For the past seven years I’ve been a work at home mom. I love the flexibility it offers since I can start and stop any time I please, take vacations, and not have a boss breathing down my neck. Well, to be honest, I’m the worst boss ever. I tend to push myself too hard and since I do work from home, all I think about when I’m at home is work. Whether I’m online writing articles, counseling a client, doing a movie review, or cooking and cleaning when I’m offline, I always tend to work.
Since my kids are older they aren’t home as often anymore. Between friends, college, friends, work, friends (did I mention friends?), they’re often gone from sunup to sundown. At first I enjoyed all this personal quiet time. I could get up in the morning and jump right into my work without having to referee arguments or find someone’s lost shoe. That got old fast though. All of this peace and quiet started driving me insane.
I’m usually proactive, but for a few days I moped around feeling lonely and bored. Sure, I have a workload that would crush Atlas’s back, but there’s more to life than working. Since nobody was available to chat with on the phone, so I could whine about my lonely-single-mom-syndrome, I got online and looked for volunteer work.

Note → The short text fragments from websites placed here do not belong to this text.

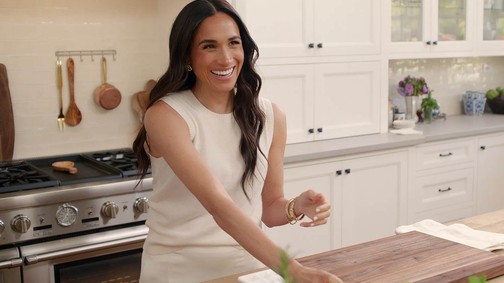 Testbeszéd-szakértő elemezte ki Meghan Markle új műsorát: ezt olvasta ki Harry herceg feleségének gesztusaiból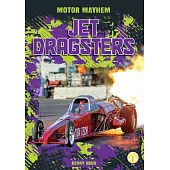 Jet Dragsters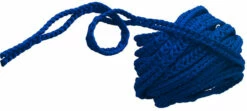 Runlock Pro Nr.12 Rope 10m, Blauw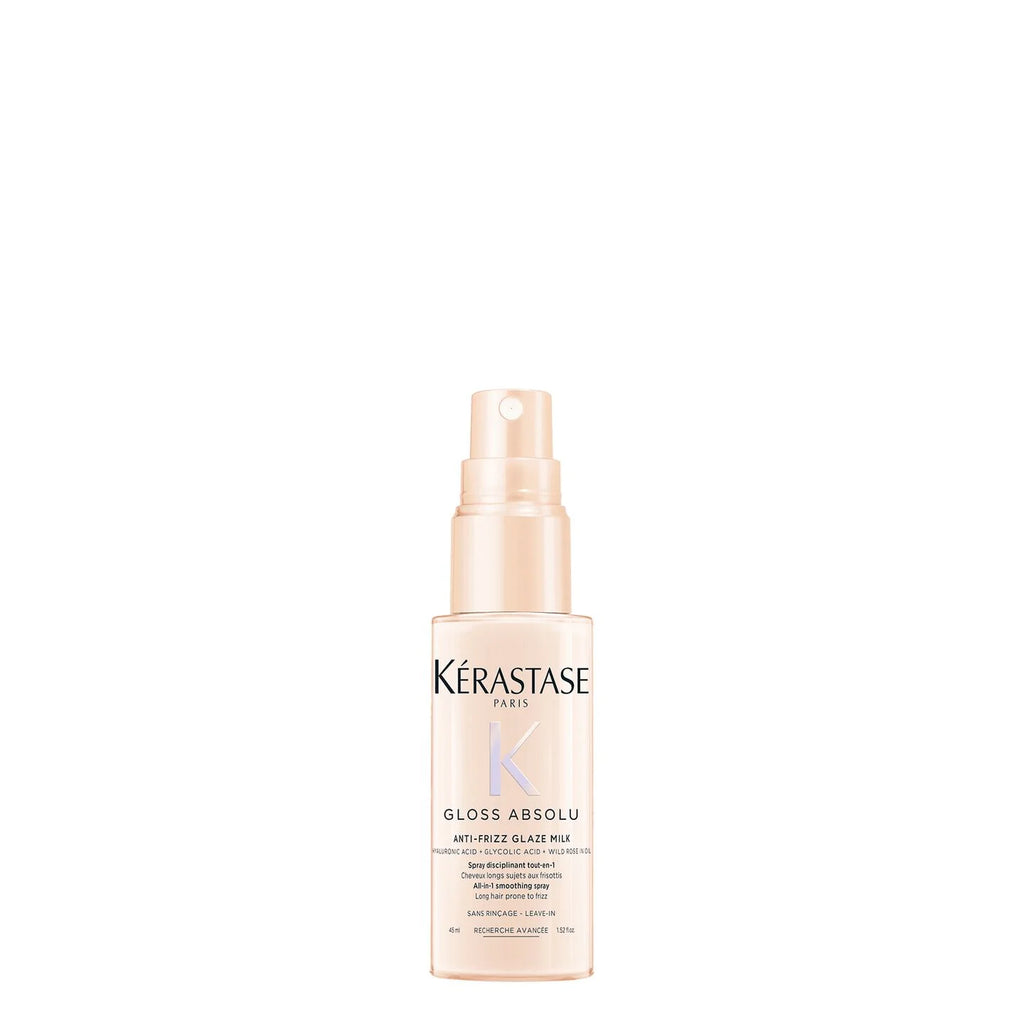 SPRAY ANTI-FRIZZ GLAZE MILK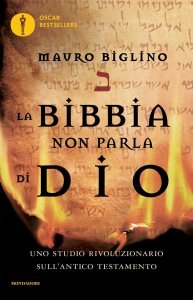 La Bibbia non parla di Dio - Libro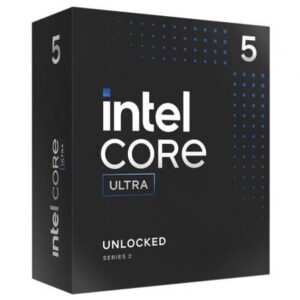 Procesador Intel Core Ultra 5 245K 4.2 GHz Socket 1851 - Imagen 1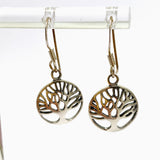 SS Tree of Life earrings SE219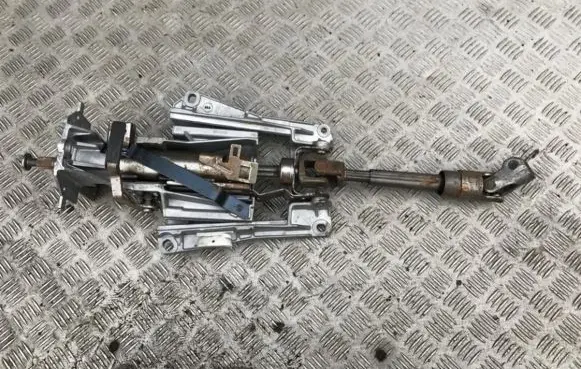 Citroen C5 Steering wheel axle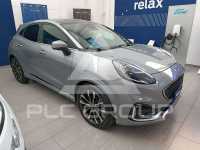 2022 Ford Puma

This is something I’ve wanted to do for decades and now was the right time. I went to the site Volunteer Center of Southern Arizona, typed in my zip code and up popped hundreds of opportunities. Until the other day I didn’t realize how popular volunteering was, or how badly it’s needed. I had to narrow my choices down to a 5-mile radius since I take public transportation (my way of helping the Green movement and also saving money) and chose some areas I enjoyed working with—-animals and people who are ill.
It took a few hours before I narrowed it down to the two that seemed to suit me best. One is for a no-kill cat shelter and the other is for a hospice. I have two days a week I can contribute. Right now it’s in the preliminary stages and I’m not sure which one will work out best, but I can say for certain that I already feel eager and at peace.
Instead of sitting home alone I can make a difference in my community and in the lives of others. I’ll meet new people, socialize, learn new skills, and will feel better about my life in general.
Life should be lived, not watched from the sidelines. Volunteering will allow me the opportunity to participate and add another valuable facet to my life.